E antes que tu comente, Zé, eu não soltei gritinhos de pavor como uma gnomida. Pode parar com essa invenção.

A sorte é que gnomos são criaturinhas engenhosas e eu fui de girocóptero até Kharanos. Tu sabe que lá é feita a melhor costelinha de javali do mundo todo? Tô te dizendo, tapetão, a receita do meu primo Ragnar é ótima! Tu devia aprender a fazer, só assim me sobrava granda!
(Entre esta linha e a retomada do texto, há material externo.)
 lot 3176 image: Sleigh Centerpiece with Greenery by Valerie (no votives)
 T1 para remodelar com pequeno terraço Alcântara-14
Como assim “ainda não apareci na história”? Mas que urso mal educado. Acabei de contar pra todo mundo como é que eu te domei.

Contei não? Olha que eu acho que contei, hein… Tu não tente me enrolar não!”

Zé revirou os olhos, resmungou, e cobriu as orelhas com as patas. O anão realmente sentia-se inclinado à tagarelagem, e estava longe de perceber que o pão de especiarias havia se tornado pouco mais do que um monte de farinha e temperos queimados.